In 1996, the High Court’s decision in Wik Peoples v Queensland was handed down. The case dealt with the question of whether pastoral leases granted between 1910 and 1974 in Far North Queensland had the effect of extinguishing native title. A 4:3 majority of the judges decided that the grant of a pastoral lease did not confer exclusive possession, and that native title could therefore continue to exist – this has been called “coexistence”. Where an inconsistency between the native title and non-native title rights occurs, the non-native title rights prevail.

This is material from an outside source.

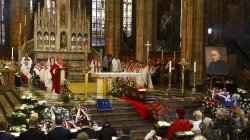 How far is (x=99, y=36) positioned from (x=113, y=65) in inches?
489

The NTA had not adequately dealt with the possibilities of native title existing over pastoral leases or of native title rights co-existing with other rights. Since the NTA had come into effect, governments had been taking action on pastoral leases that did not comply with the NTA. Wik raised the possibility that those acts could be invalid and showed that the ‘freehold test’ (the principle used to determine where proposed activities could be done without regard to native title) in relation to future acts was inappropriate. The Federal Government developed the Ten Point Plan, which became the basis for the amendments, to deal with these inadequacies of the NTA.

The amendments[edit]

  • included changes to the status of the National Native Title Tribunal (ss 61, 86B), handing some powers to the Federal Court;
  • introduced the registration test for native title applications (ss 1190A-190D);
  • broadened the confirmation provisions (div 2B) and validation provisions (div 2A, div 2AA);
  • changed provisions for primary production activities (s 24), statutory access rights (div 3Q), compulsory acquisitions and the right to negotiate provisions (div 3 sub-div P);
  • extended the agreement making abilities under the Act, replacing Section 21 Agreements with Indigenous Land Use Agreements (ILUAs) (div 3 sub-divs B-E); and
  • gave the States and Territories powers to validate ‘intermediate period acts’ and authorise ‘previous exclusive possession acts’.

The "10 Point Plan"[edit]

The ten points were as follows:

  1. The National Native Title Tribunal holds absolute authority over claims for Native Title
  2. State governments are empowered to extinguish Native Title over crown lands for matters of 'national interest'
  3. Lands providing public amenities are exempt from Native Title claims
  4. Mining and pastoral leases are allowed to co-exist with Native Title
  5. The National Native Title Tribunal can create access to traditional lands rather than granting full Native Title
  6. A registration test is imposed on all claimants
  7. The right to claim Native Title in or around urban areas is removed
  8. Government is permitted to manage land, water, and air issues in any site
  9. Very strict time limits will be placed on all claims
  10. Indigenous Land Use Agreements will be created to promote co-existence

The legislation was opposed by the Australian Labor Party and the Australian Democrats. The final legislation was amended to gain the support of Independent Senator Brian Harradine, whose vote was required for the bill to pass.[1]